Most creditors would be unable to recover debts from you if you file for bankruptcy. Once the automatic stay is in place, a creditor must get a court order before proceeding with or commencing a collection action. However, the automatic stay does not apply to the majority of child support processes, including:
A Chapter 13 debt discharge is a court judgment that relieves the debtor of all dischargeable debts. You are not required to repay debts that have been discharged. Creditors are also barred from attempting to recover debts after the lawsuit has been resolved.
You must finish the payments indicated in your repayment plan if you qualified for Chapter 13 bankruptcy. Furthermore, before you can be discharged, you must adhere to the following:
In Chapter 13, you pay your unsecured creditors an amount ranging from 0% to 100% of what you owe them. The precise cost is determined by the following rules:
(1) The minimum payment is equivalent to the amount your unsecured creditors would have gotten if you had qualified for Chapter 7 bankruptcy. This amount is mostly determined by how much of your estate is exempt.
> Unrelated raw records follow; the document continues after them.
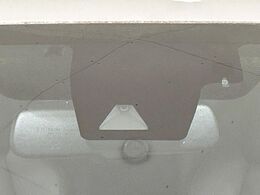 【トヨタセーフティセンス】走行中に前方の車両等を認識し、衝突しそうな時は警報とブレーキで衝突回避と被害軽減をアシスト。より安全にドライブをお楽しみいただけます。
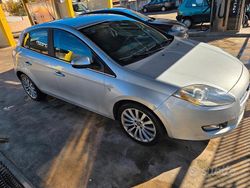 Grigio Usata 2009 Fiat Bravo Emotion Due volumi | 3999 € (Molto cara)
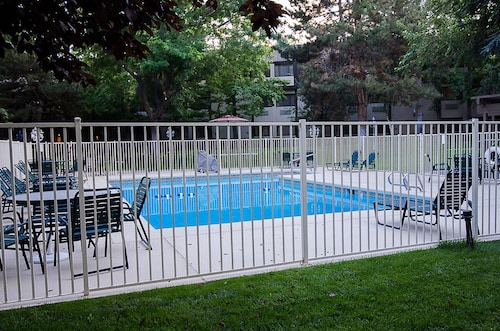 SureStay Plus Reno Airport Plaza Hotel, Washoe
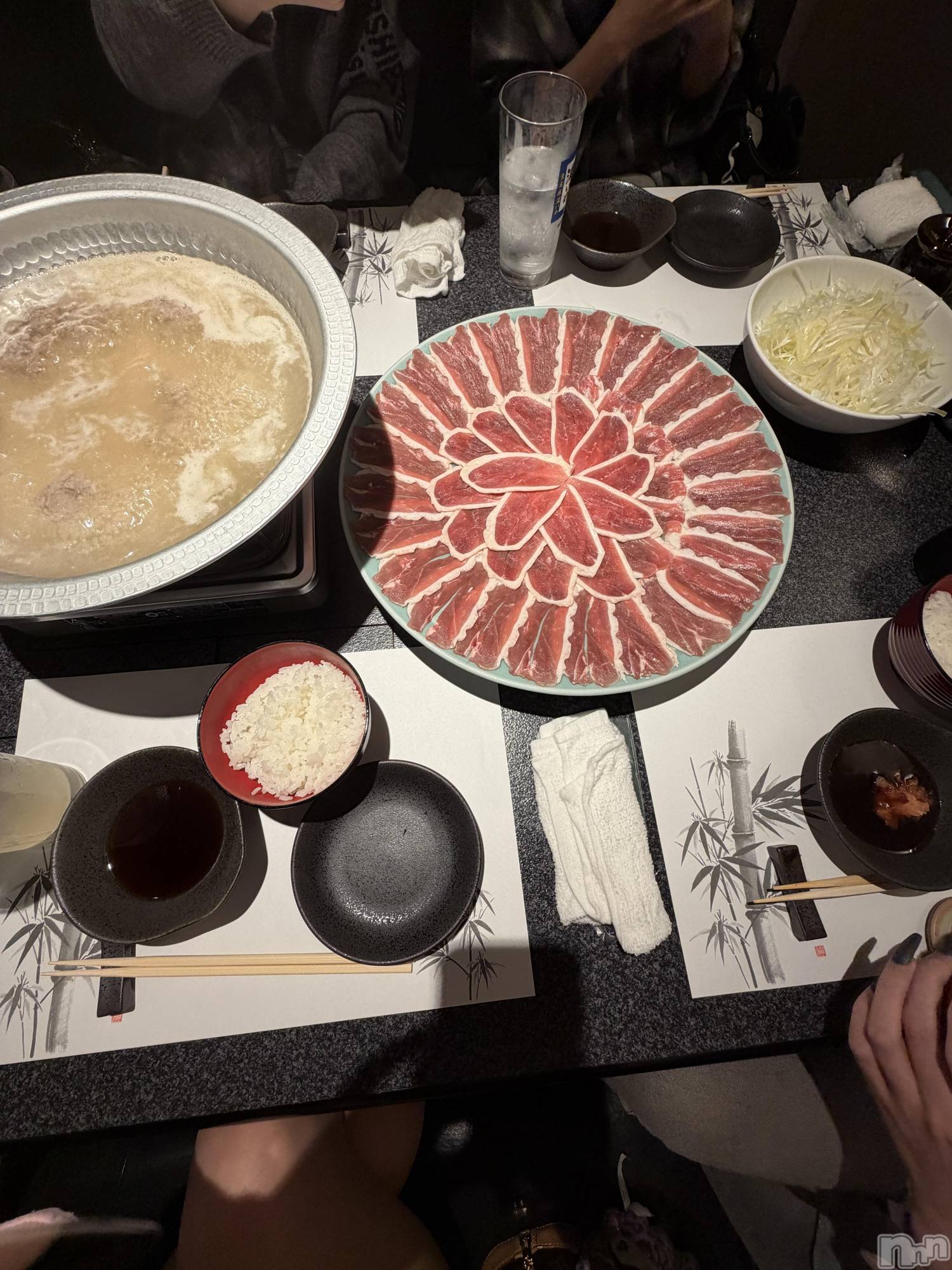 ��Ʋ����Х��顦�����Lounge en&.(�饦�󥸥���) ��2026ǯ10��11���̥�֥�������𝑴𝑶𝑵𝑬𝒀🍖��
(2) You must also devote all of your available funds to your repayment plan. This could imply paying your unsecured creditors more than they would have obtained if you had applied for Chapter 7 bankruptcy. The law of bankruptcy has established formulae for assessing your disposable income.
Individuals may use a Chapter 13 action to avoid foreclosure on their home. The repossession procedure is halted by the automatic stay as soon as the individual submits the Chapter 13 application. The individual can then bring the past-due payments up to date over a reasonable timeframe. Nonetheless, if the mortgage company finalizes the foreclosure sale under state statute before the debtor files the application, the debtor could still lose his home. If the debtor fails to make the monthly loan repayments that become due after the Chapter 13 filing, the debtor may end up losing his home.
The Chapter 13 trustee must conduct a meeting of creditors between 21 and 50 days after the debtor files the Chapter 13 application. If the trustee or bankruptcy administrator arranges the meeting in a location that does not have regular U.S. trustee or bankruptcy administrator personnel, the meeting must take place no later than 60 days after the debtor files. During this meeting, the trustee administers an oath to the debtor, and both the trustee and creditors may pose questions. The debtor is required to attend the session and respond to questions about his or her financial situation as well as the suggested parameters of the plan.
Concerns with the plan are usually resolved during or shortly after the creditors’ meeting. In general, the debtor can prevent complications by ensuring that the application and plan are thorough and precise, as well as speaking with the trustee before the meeting.